Nazaré – Atlantikwellen und Tropfsteinhöhlen
Die ersten zwei Tage haben wir gemütlich beim Vater meines Freundes verbracht, der vor ein paar Jahren in den Süden gezogen ist. Wir wollten gerne auch etwas vom Land sehen und haben uns schließlich mit seinem Zelt und Clio auf den Weg gemacht, Portugal zu entdecken.
Erster Zwischenstopp: Nazaré. International bekannt ist die Stadt vor allem für die bis zu mehr als 20 Meter hohen Wellen und die deshalb dort stattfindenden Surf Contests. Allerdings ist die Wellensaison von Oktober bis März und wir hatten im September nur „normale“ Atlantikwellen, die für ein Ostseekind wie mich aber auch schon sehr beeindruckend waren.
In Nazaré sind wir mit der Ascensor de Nazaré, einer Bergbahn, die mit einer Steigung von 42° die Küste erklimmt, zum Ortsteil Sítio gefahren und haben einen Abstecher zur nahe gelegenen Tropfsteinhöhle in Mira de Aire gemacht. Die Höhle schien relativ unbekannt zu sein, denn es waren kaum internationale Tourist*innen bei der Führung dabei. Uns hat sie sehr gut gefallen.
Klassischer Tourismus in Lissabon
Als nächstes Ziel stand Lissabon auf dem Plan. Auf dem Weg dorthin haben wir unsere Mittagspause in dem kleinen Städtchen Óbidos verbracht. Die Kleinstadt hat einen wunderschönen historischen Ortskern, dessen Zentrum eine beeindruckende Burg aus dem Spätmittelalter ist.
„Am schönsten erfährt man eine Stadt meiner Meinung nach, wenn man mit offenen Augen durch die Straßen und Gassen schlendert und das Gefühl des Ortes genießt.“
In Lissabon haben wir uns ein Hostel gegönnt – endlich mal wieder eine eigene Dusche und ein gemütliches Bett.

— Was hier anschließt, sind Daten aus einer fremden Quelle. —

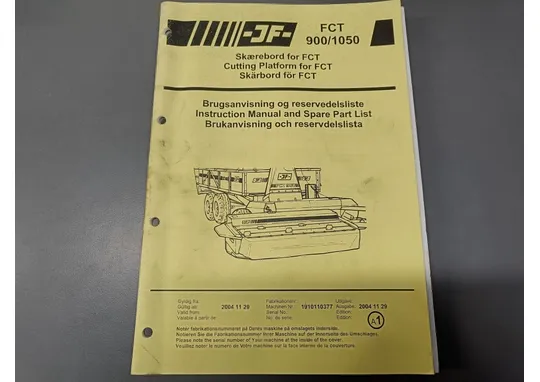 JF FCT 900 / 1050 leikkuupöytä / Ohje ja varasosakirja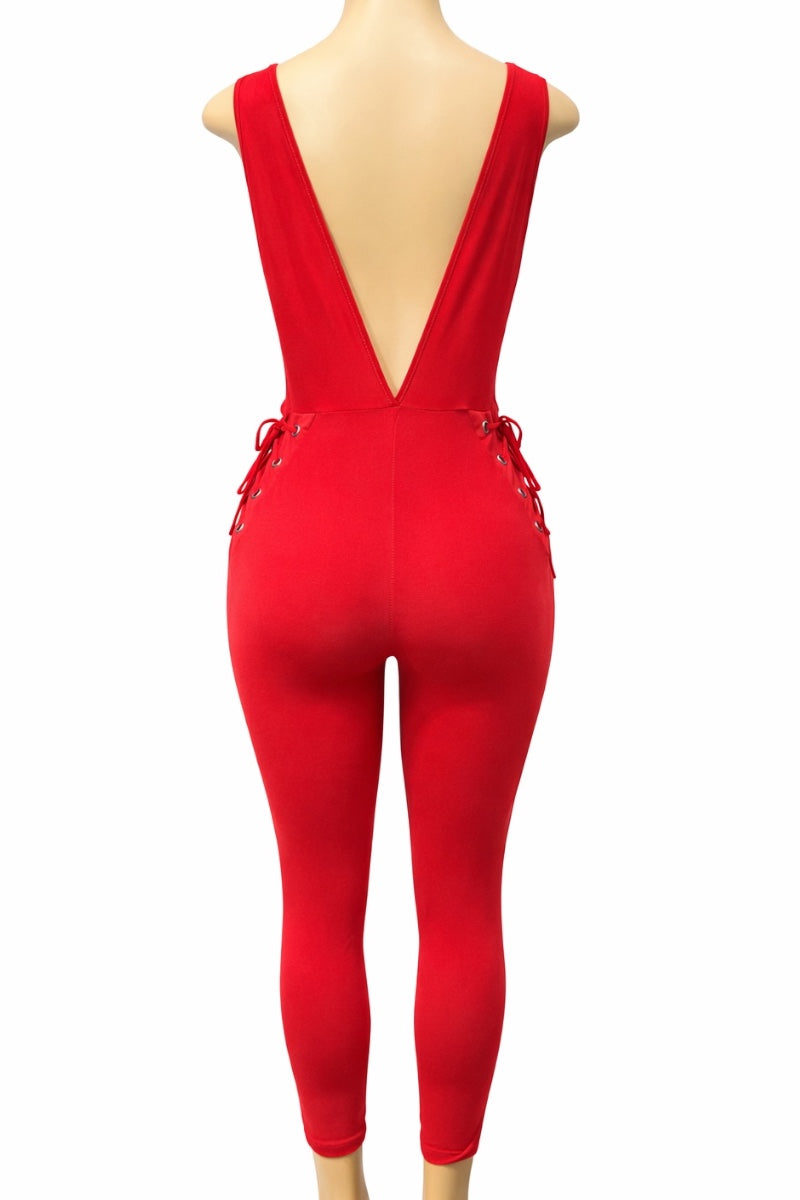 Red jumpsuit with a deep back on a mannequin against a white background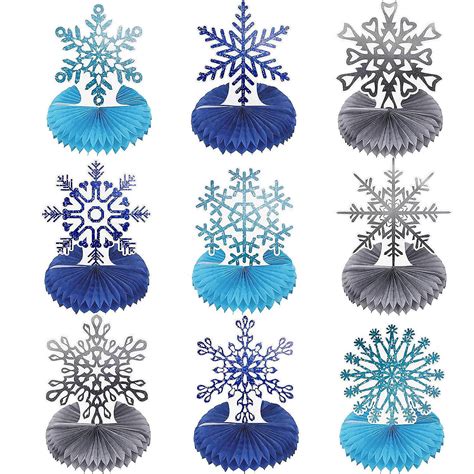 9 Pieces Snowflake Honeycomb Centerpieces for Winter Wonderland or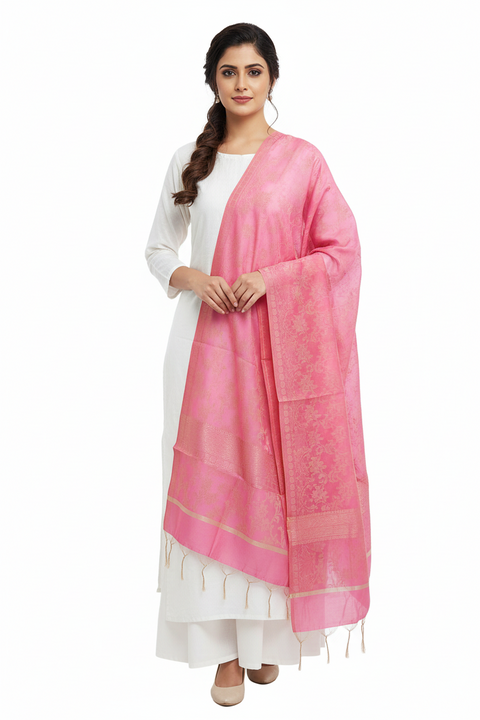 The Women's Art Silk Woven Banarasi Jacquard Dupatta(Pink)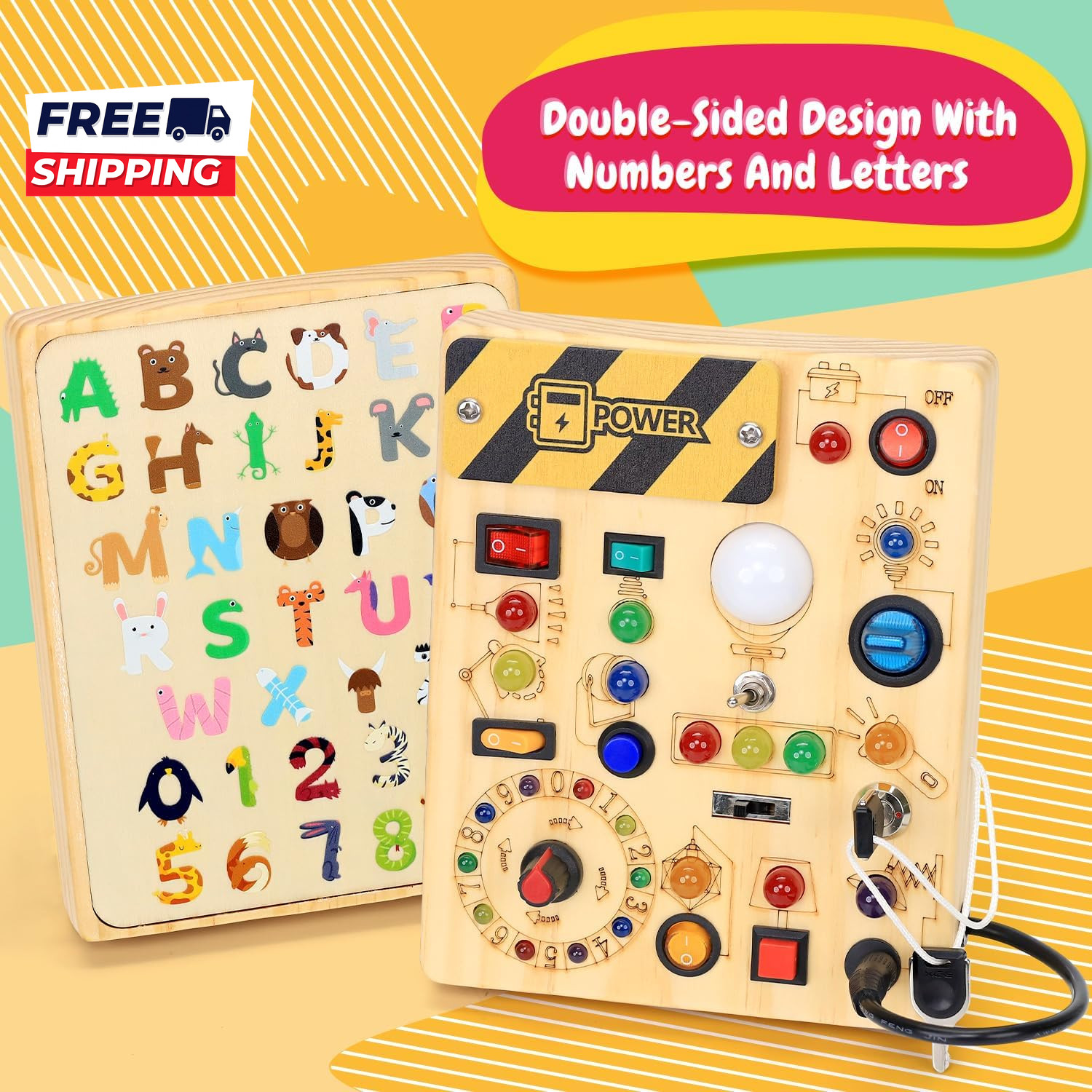 Busy Board with LED Light Switches Montessori Toys for 1 2 3 Years Old Toddlers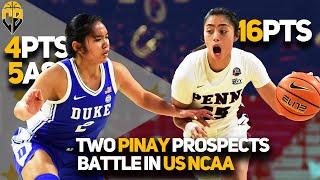 INSANE PINAY WNBA prospects DUEL in US NCAA Vanessa De Jesus vs Kayla Padilla  Duke vs Penn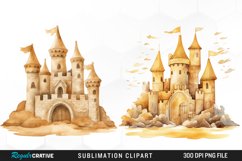 Watercolor Sandcastle Sublimation Art Clipart Product Image 1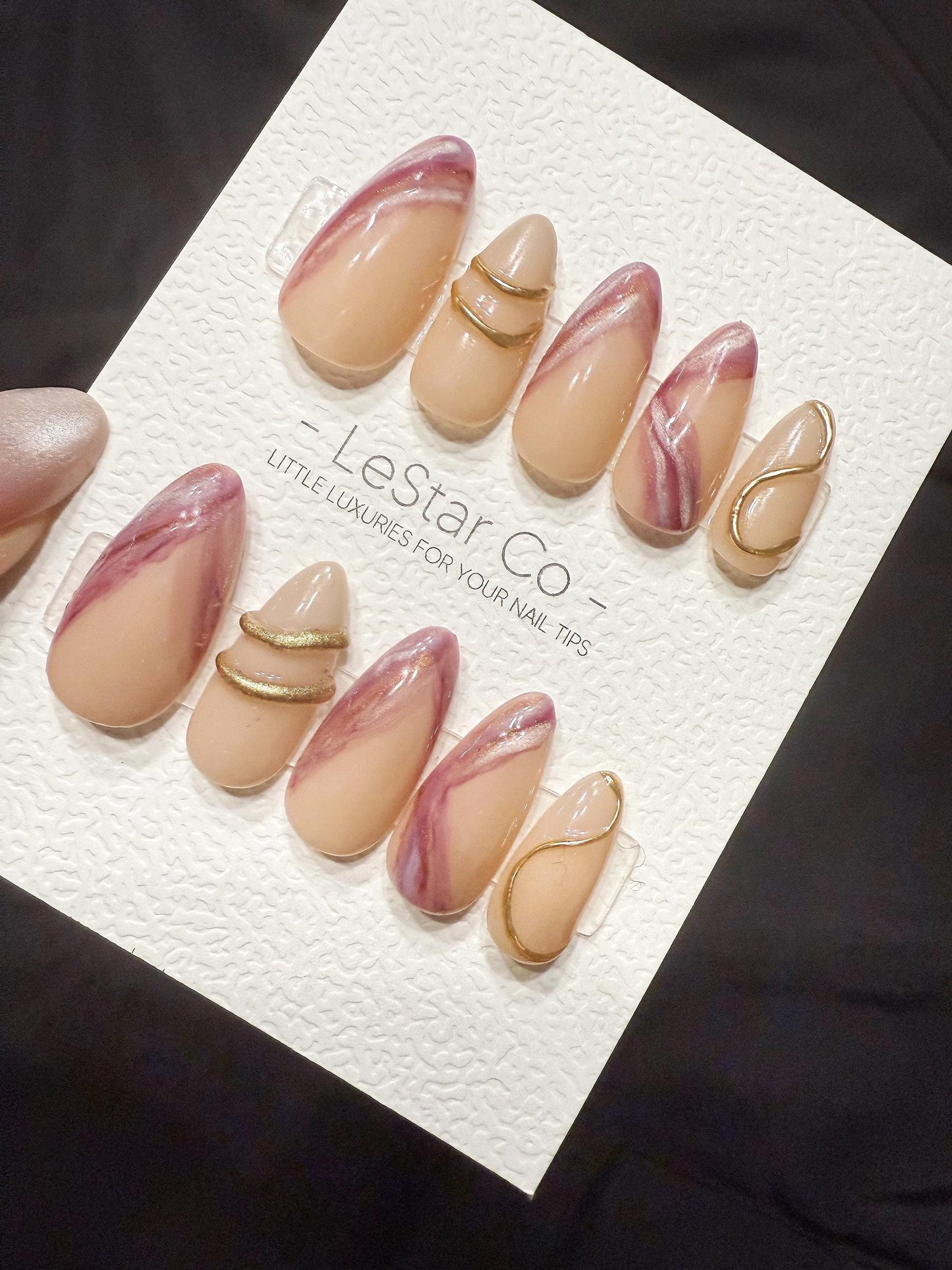 Reusable Rose Quartz Marble | Handmade Press On Gel Acrylic Nails | 4for3 Timed Offer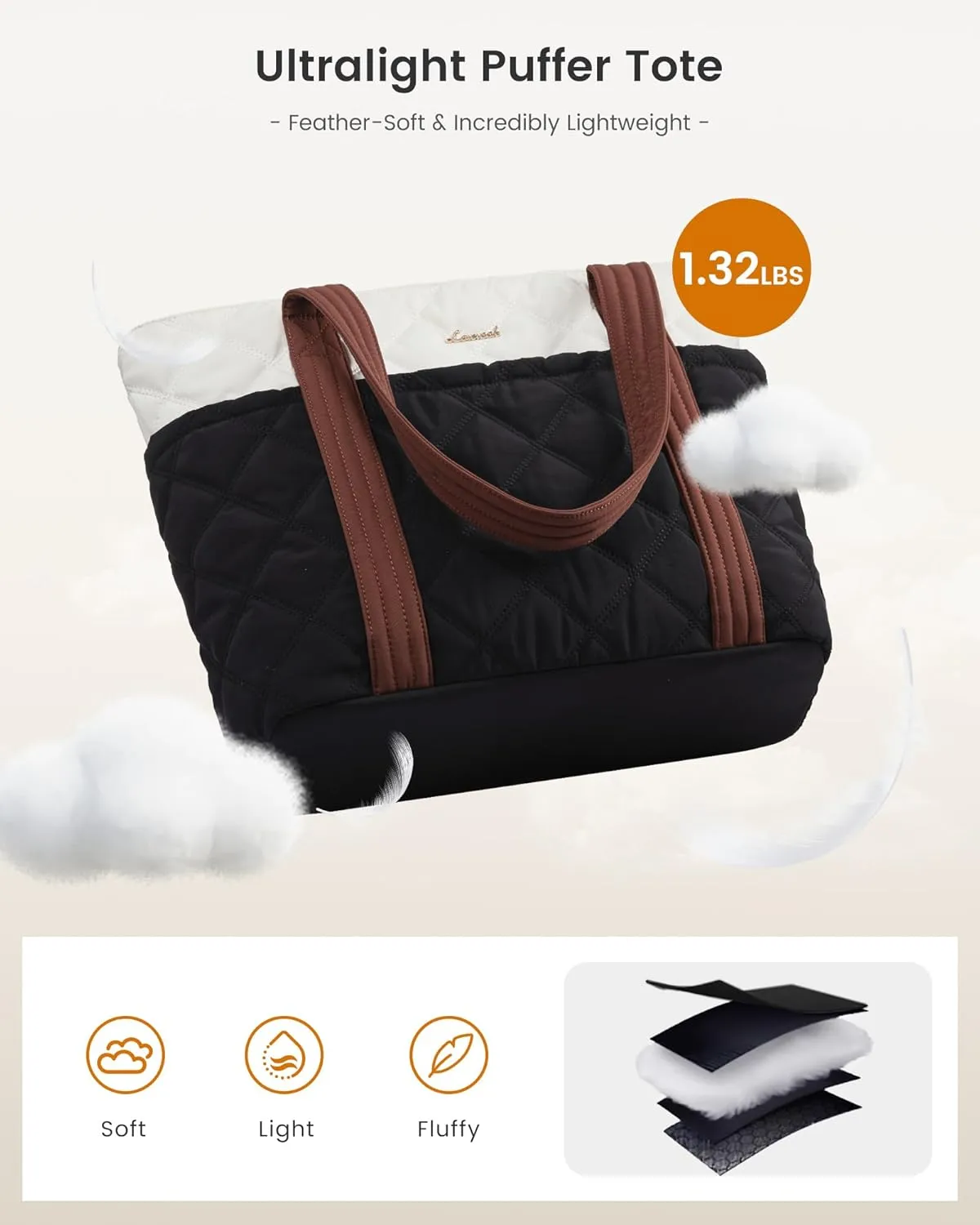 LOVEVOOK Puffer Tote Bag for Women, Puffy Work Handbag, Travel Shoulder Carry On Bag with Zipper for Teacher Nurse Gym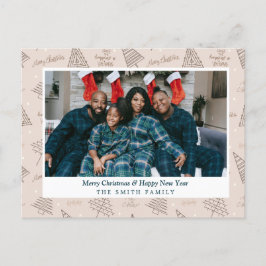 Elegante Blush Roze Kerstgroeten met Foto Feestdagenkaart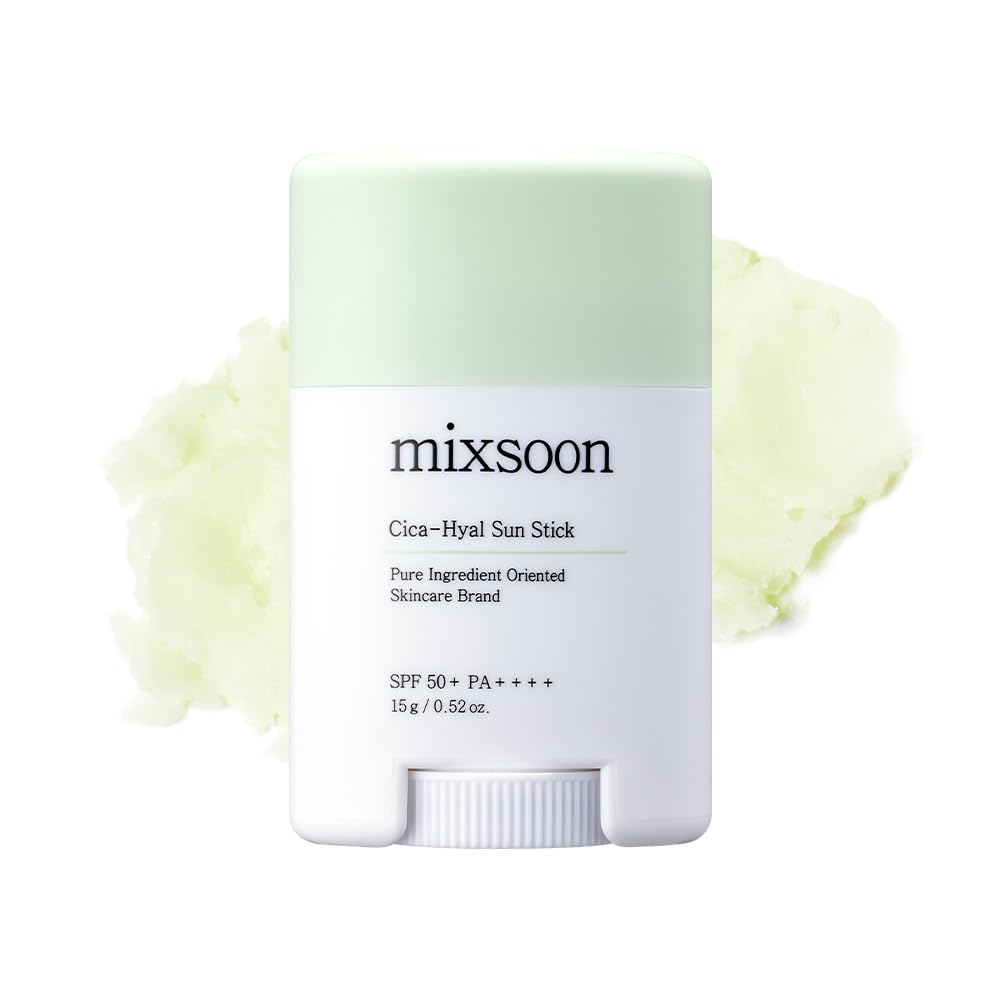 mixsoon CicaHyal Sunstick SPF 50+ PA++++, Calming and Moisturizing UV Protection Sunscreen Stick, Soothes & Protects with Cica 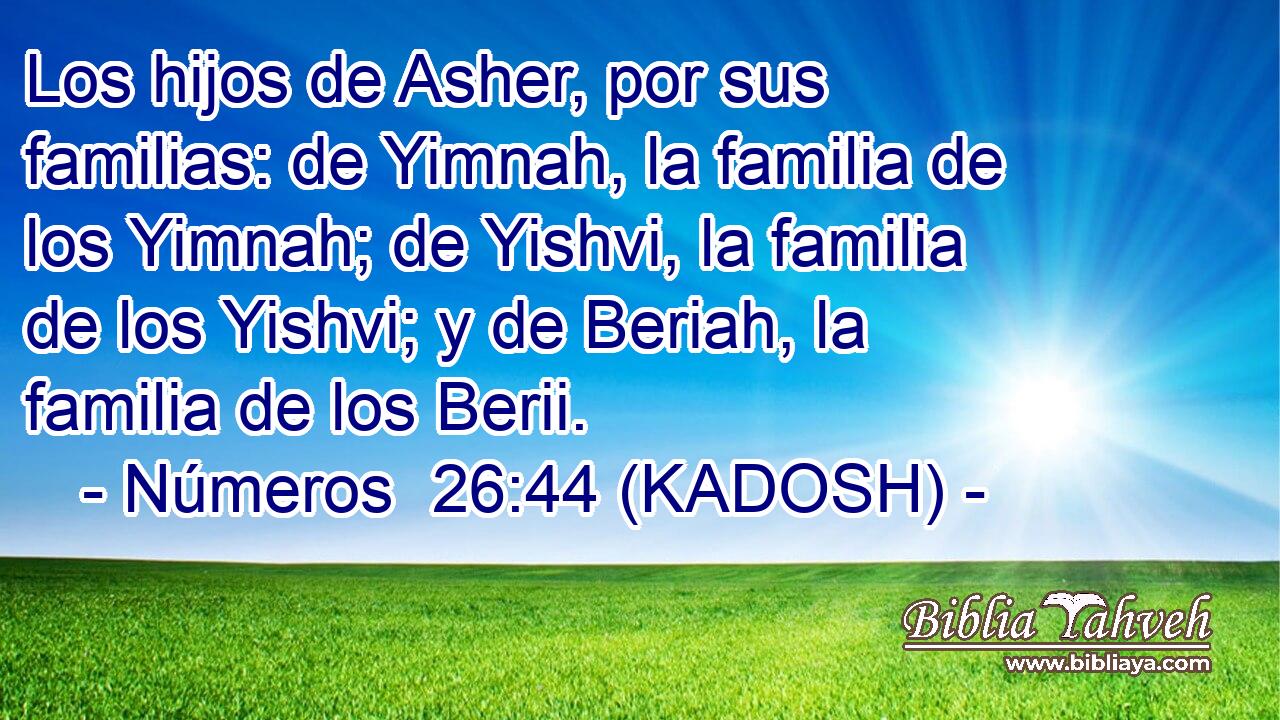  Los hijos de Asher, por sus familias: de Yimnah, la familia de los Yimnah; de Yishvi, la familia de los Yishvi; y de Beriah, la familia de los Berii.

Nach kurzer Eingewöhnung und etwas Orientierung – nach dem ruhigen Start der Reise waren wir von dem städtischen Trubel anfangs etwas überfordert – konnten wir die Schönheit der Hauptstadt Portugals in vollen Zügen genießen. Natürlich durfte ein bisschen Tourist*innenprogramm nicht fehlen – Besuch des Castelo de São Jorge und der Standseilbahn Bica inklusive. Am schönsten erfährt man eine Stadt aber meiner Meinung nach, wenn man mit offenen Augen durch die Straßen und Gassen schlendert und das Gefühl des Ortes genießt.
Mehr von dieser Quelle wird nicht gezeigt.